China's lines are some where closer to the state, making the country a kind of state capitalism (if the lines are closer to the market, then you have a neoclassical model, auto-equilibrium market, so to speak, and if they are in the middle, we are talking about developmental regulatory models)
And Chinese state capitalism is not only about the state heavily regulated economic activities (both supply/demand) but depending on circumstances, 'crony capitalists', those who align their business with state purposes, have to contribute quite actively to specific state demands. My sister and her husband own a small factory in China, and recently, they are often 'politely' asked to donate money to their local government (often tens of thousands of dollars). And good lord, they have so many difficulties locating these expenses on the balance sheet.

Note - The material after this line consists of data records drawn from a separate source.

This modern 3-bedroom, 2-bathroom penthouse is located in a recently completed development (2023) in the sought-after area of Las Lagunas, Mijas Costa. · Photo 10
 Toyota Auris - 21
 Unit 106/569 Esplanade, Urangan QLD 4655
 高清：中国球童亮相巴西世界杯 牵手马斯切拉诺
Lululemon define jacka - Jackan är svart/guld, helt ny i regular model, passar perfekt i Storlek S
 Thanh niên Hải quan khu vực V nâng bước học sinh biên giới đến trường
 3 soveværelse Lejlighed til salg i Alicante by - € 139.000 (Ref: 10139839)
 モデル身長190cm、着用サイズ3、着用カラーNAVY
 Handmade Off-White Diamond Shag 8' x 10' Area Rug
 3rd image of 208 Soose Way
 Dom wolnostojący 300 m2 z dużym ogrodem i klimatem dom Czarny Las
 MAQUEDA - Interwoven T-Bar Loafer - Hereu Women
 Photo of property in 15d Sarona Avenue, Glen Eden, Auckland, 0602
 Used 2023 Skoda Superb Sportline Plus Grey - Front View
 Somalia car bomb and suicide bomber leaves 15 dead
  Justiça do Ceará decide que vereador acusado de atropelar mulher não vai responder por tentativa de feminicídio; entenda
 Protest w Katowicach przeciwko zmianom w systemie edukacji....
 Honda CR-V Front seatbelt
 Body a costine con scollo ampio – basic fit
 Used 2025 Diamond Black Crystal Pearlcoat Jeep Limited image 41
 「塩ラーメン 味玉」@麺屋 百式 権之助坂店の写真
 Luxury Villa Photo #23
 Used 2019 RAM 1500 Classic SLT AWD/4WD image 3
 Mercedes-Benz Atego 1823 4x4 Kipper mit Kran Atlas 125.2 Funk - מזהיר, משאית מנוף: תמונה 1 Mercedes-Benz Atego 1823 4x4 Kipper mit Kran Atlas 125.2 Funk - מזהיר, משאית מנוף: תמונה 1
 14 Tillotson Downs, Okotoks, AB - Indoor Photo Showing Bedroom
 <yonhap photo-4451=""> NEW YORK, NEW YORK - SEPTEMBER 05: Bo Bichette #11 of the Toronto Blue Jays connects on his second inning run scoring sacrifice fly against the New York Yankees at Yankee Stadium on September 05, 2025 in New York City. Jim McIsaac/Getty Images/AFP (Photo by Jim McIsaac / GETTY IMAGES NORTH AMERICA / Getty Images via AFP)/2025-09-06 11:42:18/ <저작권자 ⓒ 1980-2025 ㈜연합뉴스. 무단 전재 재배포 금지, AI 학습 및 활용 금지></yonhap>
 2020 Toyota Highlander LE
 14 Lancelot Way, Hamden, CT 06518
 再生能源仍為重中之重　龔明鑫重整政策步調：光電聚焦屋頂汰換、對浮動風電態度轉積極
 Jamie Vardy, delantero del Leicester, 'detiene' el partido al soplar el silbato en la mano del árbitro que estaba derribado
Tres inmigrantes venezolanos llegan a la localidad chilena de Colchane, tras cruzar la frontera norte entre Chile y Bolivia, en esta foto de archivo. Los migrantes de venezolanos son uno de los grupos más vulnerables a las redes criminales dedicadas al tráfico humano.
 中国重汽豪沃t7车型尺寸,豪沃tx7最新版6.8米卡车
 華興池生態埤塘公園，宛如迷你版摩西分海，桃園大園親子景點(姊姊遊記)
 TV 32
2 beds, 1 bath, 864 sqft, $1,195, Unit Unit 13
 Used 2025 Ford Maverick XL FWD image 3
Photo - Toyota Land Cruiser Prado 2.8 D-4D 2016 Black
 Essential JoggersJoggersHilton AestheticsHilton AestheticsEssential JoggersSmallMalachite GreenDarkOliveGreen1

This kind of practices has been escalating with Xi, who is speaking the old language of building a 'revolutionary' China (the rejuvenation rhetoric amidst the Taiwan crisis). And if my economic history is correct, a 'revolutionary China' would require a totalising 'national economy' (you can always google the Great Leap Forward).
The implication, from a political economic standpoint, is that money from a big crony capitalist like Sunning to Inter would be heavily monitored and repurposed. My sense is that our owner does not lack money to maintain the club, the problem is that they need good 'justification' to spend their money at Inter. How do they fit Inter in the larger scheme of things?
I posed the question a couple months ago, but I wonder to what extent the government is not letting Suning sell Inter (versus Zhang not wanting to).